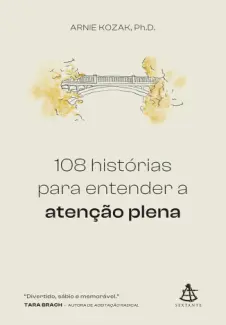 Baixar Livro 108 Histórias para Entender a Atenção Plena - Arnie Kozak em ePub PDF Mobi ou Ler Online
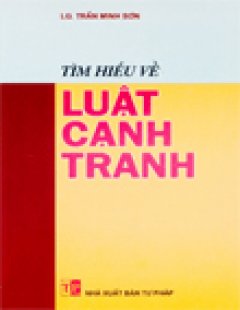 Tìm Hiểu Về Luật Cạnh Tranh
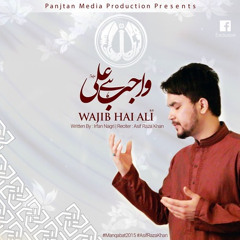 Wajib Hai Ali(a.s)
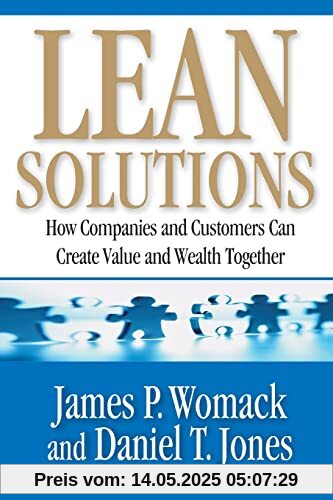 Lean Solutions: How Companies and Customers Can Create Value and Wealth Together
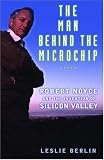 The Man Behind the Microchip : Robert Noyce and the Invention of Silicon Valley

********

[What is being asked]
If an entry contains an image, please omit that image and print everything else verbatim.

[Your solution]
 Baixar Livro 108 Histórias para Entender a Atenção Plena - Arnie Kozak em ePub PDF Mobi ou Ler Online
 Tìm Hiểu Về Luật Cạnh Tranh
 Wajib Hai Ali(a.s)
 Lean Solutions: How Companies and Customers Can Create Value and Wealth Together
 The Man Behind the Microchip : Robert Noyce and the Invention of Silicon Valley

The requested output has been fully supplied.